Tele, das sind der Sänger Francesco Wilking, Tobias Rodäbel und Martin Brombacher an den Gitarren, Stefan Wittich am Schlagzeug, der Bassist Jörg Holdinghausen sowie Patrick Reising am Keyboard. 1999 kommt die Gruppe in Freiburg zusammen und veröffentlicht ein Jahr später ihr erstes selbst aufgenommenes Album „Tausend und ein Verdacht“, „die wohl entspannteste Platte aus dem deutschen Underground“, befand damals das Fachmagazin Intro. Die Zusammenarbeit mit dem Hamburger Label Tapete Records ab 2003 führt zu erfolgreichen Produktionen und bringt den Durchbruch.

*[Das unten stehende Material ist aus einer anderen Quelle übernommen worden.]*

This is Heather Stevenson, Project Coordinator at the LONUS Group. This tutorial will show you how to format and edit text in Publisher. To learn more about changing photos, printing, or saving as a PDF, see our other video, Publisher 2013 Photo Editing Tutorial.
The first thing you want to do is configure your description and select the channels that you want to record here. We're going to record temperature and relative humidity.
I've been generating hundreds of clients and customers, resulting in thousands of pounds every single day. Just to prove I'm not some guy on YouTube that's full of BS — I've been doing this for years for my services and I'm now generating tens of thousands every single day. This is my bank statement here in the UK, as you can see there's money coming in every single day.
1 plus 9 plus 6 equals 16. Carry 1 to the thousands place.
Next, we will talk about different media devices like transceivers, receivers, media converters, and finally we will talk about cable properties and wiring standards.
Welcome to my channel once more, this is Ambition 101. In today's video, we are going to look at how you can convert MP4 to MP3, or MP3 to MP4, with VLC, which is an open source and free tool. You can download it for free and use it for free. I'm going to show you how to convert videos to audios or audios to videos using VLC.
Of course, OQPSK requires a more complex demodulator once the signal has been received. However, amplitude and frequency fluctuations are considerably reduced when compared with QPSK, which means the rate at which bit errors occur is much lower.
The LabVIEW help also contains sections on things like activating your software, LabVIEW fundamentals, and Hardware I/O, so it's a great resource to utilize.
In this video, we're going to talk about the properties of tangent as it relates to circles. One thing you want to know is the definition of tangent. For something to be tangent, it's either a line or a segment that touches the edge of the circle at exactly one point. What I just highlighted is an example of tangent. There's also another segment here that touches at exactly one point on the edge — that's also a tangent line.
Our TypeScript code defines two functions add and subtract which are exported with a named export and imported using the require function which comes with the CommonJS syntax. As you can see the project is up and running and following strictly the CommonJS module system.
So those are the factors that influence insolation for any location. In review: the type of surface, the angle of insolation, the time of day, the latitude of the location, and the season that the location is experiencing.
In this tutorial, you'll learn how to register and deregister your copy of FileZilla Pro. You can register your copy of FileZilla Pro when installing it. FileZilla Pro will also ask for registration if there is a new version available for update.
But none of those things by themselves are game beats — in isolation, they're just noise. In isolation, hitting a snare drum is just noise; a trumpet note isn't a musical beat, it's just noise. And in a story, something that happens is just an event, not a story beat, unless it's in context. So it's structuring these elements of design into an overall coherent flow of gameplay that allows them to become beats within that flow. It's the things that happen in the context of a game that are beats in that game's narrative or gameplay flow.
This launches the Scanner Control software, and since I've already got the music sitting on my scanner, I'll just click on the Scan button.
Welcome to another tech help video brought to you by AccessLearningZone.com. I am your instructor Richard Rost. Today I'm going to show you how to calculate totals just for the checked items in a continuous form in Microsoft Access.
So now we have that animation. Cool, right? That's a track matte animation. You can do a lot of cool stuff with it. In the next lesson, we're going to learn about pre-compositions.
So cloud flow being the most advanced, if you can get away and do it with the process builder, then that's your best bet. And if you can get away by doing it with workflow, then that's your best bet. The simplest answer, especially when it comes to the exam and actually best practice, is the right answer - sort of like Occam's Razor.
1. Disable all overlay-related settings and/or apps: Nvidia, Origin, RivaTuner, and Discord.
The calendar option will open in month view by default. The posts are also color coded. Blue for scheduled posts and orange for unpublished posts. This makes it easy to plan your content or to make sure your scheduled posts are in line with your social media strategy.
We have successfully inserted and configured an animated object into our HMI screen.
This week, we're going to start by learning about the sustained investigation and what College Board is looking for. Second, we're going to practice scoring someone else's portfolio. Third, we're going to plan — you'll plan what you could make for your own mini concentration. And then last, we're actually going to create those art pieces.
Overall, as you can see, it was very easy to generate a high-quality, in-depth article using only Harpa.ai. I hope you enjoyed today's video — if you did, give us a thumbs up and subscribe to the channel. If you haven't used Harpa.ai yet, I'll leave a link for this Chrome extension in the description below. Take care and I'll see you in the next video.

Tele gehören mit ihrer moderne Pop-Definition, die von der tanzbaren Uptempo-Hymne Falschrum bis zum R´n`B-Track Dilemma reicht, eindeutig zu den innovativsten Bands der aktuellen deutschsprachigen Pop-Musik.
Oft klingen die Songs wie Kreuzzüge durch die 80er-Jahre, aber dabei keineswegs kopiert oder imitiert, weder neu verpackt noch aufbereitet. Tele haben ihren völlig eigenen Stil kreiert und dabei eine gehörige Portion Mut für Sound-Tüfteleien bewiesen. Der Sinn für große Melodien wird getragen von einfachen Songstrukturen und bombastischen Arrangements exakt auf den Punkt gebracht. Hinzu kommen die charmanten Synthie-Spielereien die dem Sound endgültig ein eigenwilliges Gesicht verleihen. Doch nicht nur musikalisch sonder auch textlich bieten Tele ganz großes Kino. Vorgetragen von einer absoluten Charakterstimme, der man sich kaum entziehen kann. Sänger Francesco Wilkings besingt das gesamte Leben mit allen Höhen und Tiefen.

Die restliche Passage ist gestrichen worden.